Kraut: … whose name you took as your chaired professorship.

Jackson: Right. Dan was an important person in my career and took a close interest in me and my research even after he retired.

But Michigan was like that. There was a commitment, particularly among social psychologists, to broaden and diversify the field, and they gave me lots of opportunities to work with students, particularly African-American students, and as part of my work, I became interested in survey research.

What I found interesting about survey research was the incredible power of this form of gaining knowledge in some of the work we were doing, particularly in ethnic and racial minority research. I was working with Gerry Gurin and Pat Gurin, and Gerry helped train me as a survey researcher.

So, in 1976, working with a large group of graduate students — many of whom are now full professors and tenured at different places — we started planning the National Survey of Black Americans, which became a major vehicle for studying and for what we call “giving voice to the African-American population.”

The survey was designed to do two important things: Ask questions of a population that were meaningful to the population; and reach representative samples that allowed us to say with some certainty we really were representing the array of the black population in the US. We launched the study in 1979 and conducted it over 2 years.

Kraut: This was large scale, huge research, well-funded. Who were your funders back then?

Jackson: We were in a partnership then with the NIMH. NIMH was very supportive of this work, which was breaking new ground for them and for the field. One unique part was our proposal for a 2-year run-up period to develop a questionnaire from scratch using a multimethod, multitrait approach.
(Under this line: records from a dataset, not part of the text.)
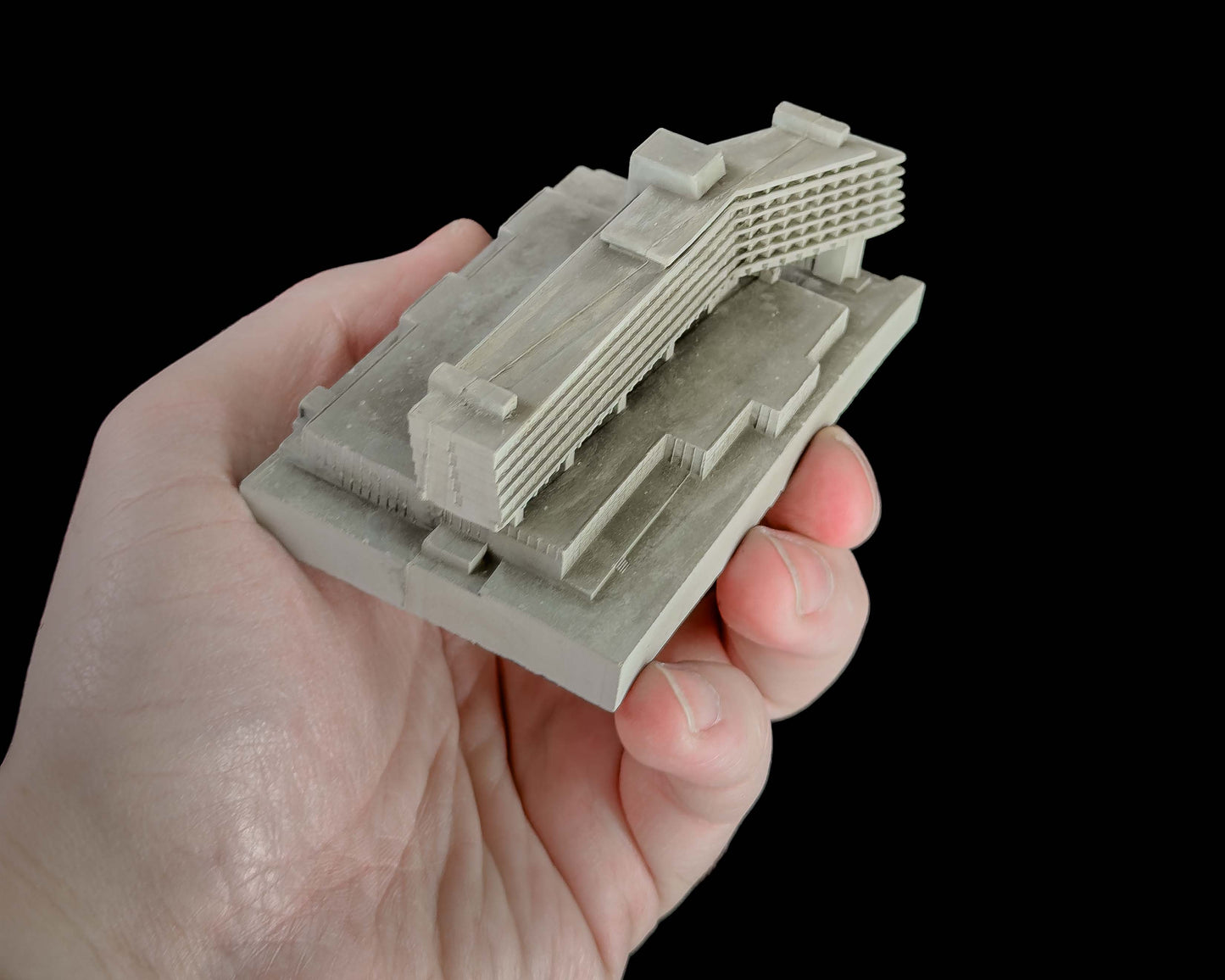 Hotel Forum, Kracow – Miniature Concrete Model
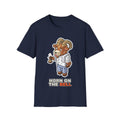 Horn On The Bell - Navy - front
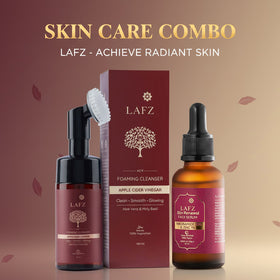 Lafz Apple Cider Vinegar & Niacinamide Face Care Combo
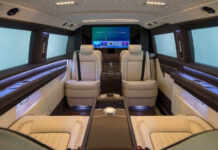 Mercedes V-Class в тюнинге OKCU Individual Automotive Concepts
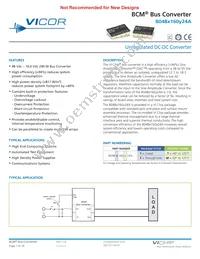 B048T160T24A Datasheet Cover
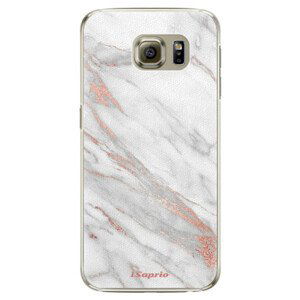 Plastové puzdro iSaprio - RoseGold 11 - Samsung Galaxy S6 Edge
I had been greatly influenced by the work of Campbell and Fiske, and we applied that kind of conceptual basis to the development of questions. So, we used a lot of different kinds of methods, like Q sorts and open-ended questions and focus groups and so on, and used them across a wide array of different kinds of constructs. And in all the constructs, we started from the perspective of asking “What’s unique?” about, say, self-esteem within the African-American population that might lead us to approach its assessment in a different way. We spent 2 years doing that, and wound up with a questionnaire, the National Survey of Black Americans questionnaire, that was very culturally sensitive.

The second departure we made from past survey studies was aimed at getting a true representation of the population. Previously in this kind of research, the approach had been to oversample. You identified individuals that were representative of the population as a whole, and then you oversample in areas of high concentration in order to get the numbers you wanted. The problem with that is that you wind up with a lot of nonrepresentative samples.

The National Survey of Black Americans started from a perspective that we had to tie the sampling and study to the distribution of the black population. But we had to solve a very serious methodological problem that had been a serious impediment in previous research, that was due to the fact that African Americans were maldistributed in the population — and it’s still true today. They live in areas of high density and high concentration, so you don’t want to take too many people from this group because it would be nonrepresentative. They also live in areas of low concentration. Previous studies had not represented African Americans very well who lived in high-density white areas. We had to devise a cost-effective strategy for representing those individuals.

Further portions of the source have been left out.